Step 6: Devise a plan of attack
We’ve now analyzed the top-ranking article. Based on the information we gleaned, we now know what format what we have to emulate, as well as a strategy to make a better page and steal the snippet.
Here’s exactly how I’d target this snippet:
#1. Add a section to my page with the same format:
- Use an H2 heading with the exact keyword placed close to the beginning of the article.
- Include a bullet point summary of the list right under the H2 heading.
- Write a full list using H3 headings for each new entry in the list.
- Make sure my article provided fresher and more relevant information.
- Make sure the title included the correct year, e.g. “12 of the Best Remote Worker Programs for 2023”.
- Consider writing a more extensive list, e.g. if the competing article included nine entries on the list, I’d probably aim to include 11 or 12 entries on mine. That would likely involve doing some additional research to make sure my article provided better, more comprehensive content for the user. That’s what Google likes best and will reward.

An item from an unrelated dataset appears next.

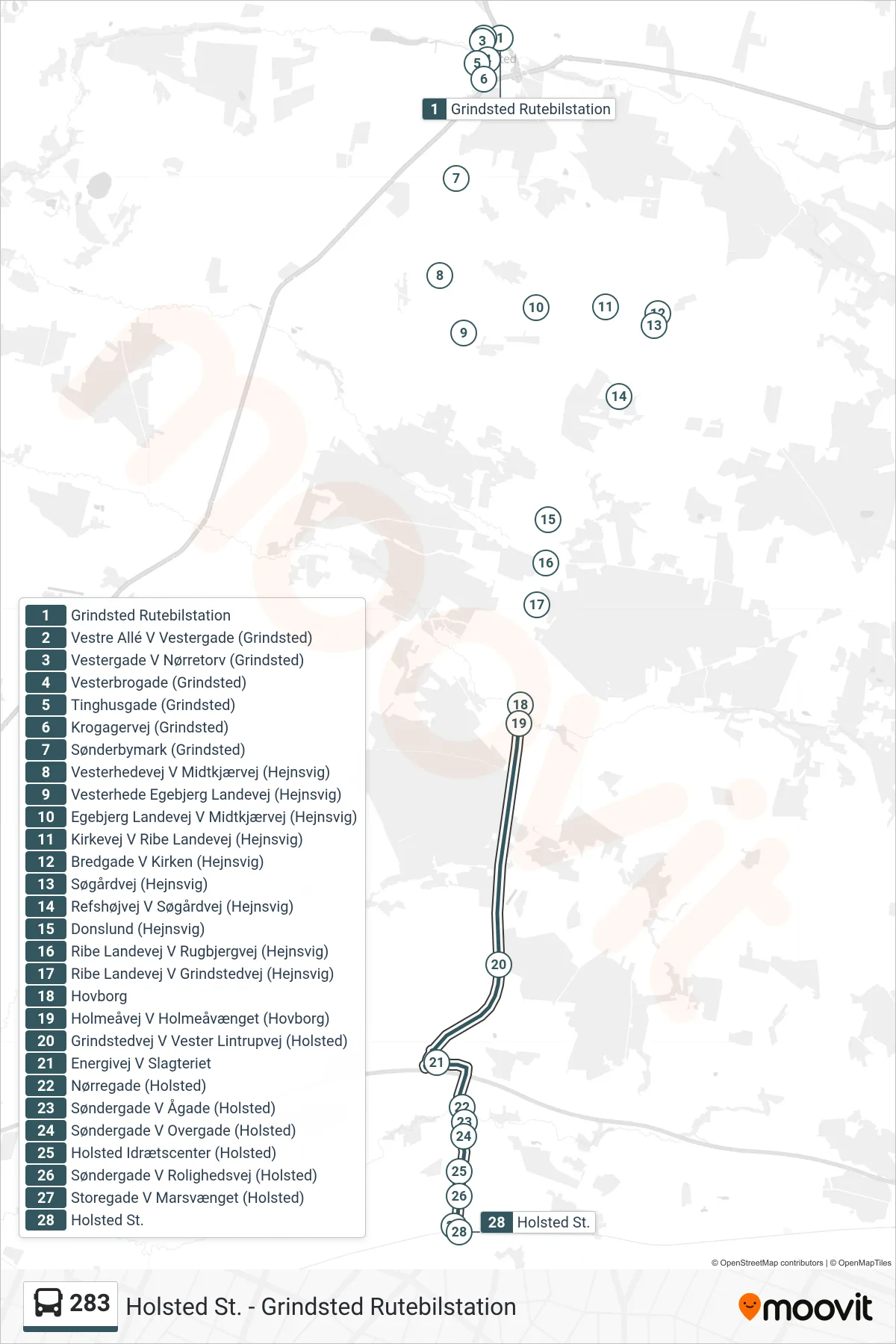 283 bus Linje (Holsted) rute og stop på et kort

#2. Next, I’d manually submit my edited and updated page via Google Search Console’s “Inspect Any URL” tool, so it could get re-crawled.
Then, I’d wait a few days for the bots to crawl the new page….
During this time, I’d be keeping an eye on the SERPs to see how my page progressed. With any luck, it would soon grab that featured snippet. This process has worked for me many times before. I hope it will work for you as well.
In this post, I showed you my exact process for how to get the featured snippet. I’ve gotten lots of snippets using this method. Targeting featured snippets is an easy and fun way to drive more traffic to your blog.
It’s worth going through your organic keywords every so often, to check what’s ranking for the snippets, and see if you can get ahead of them. Following this process will make it easy, and you’re sure to get a nice boost of traffic as a reward!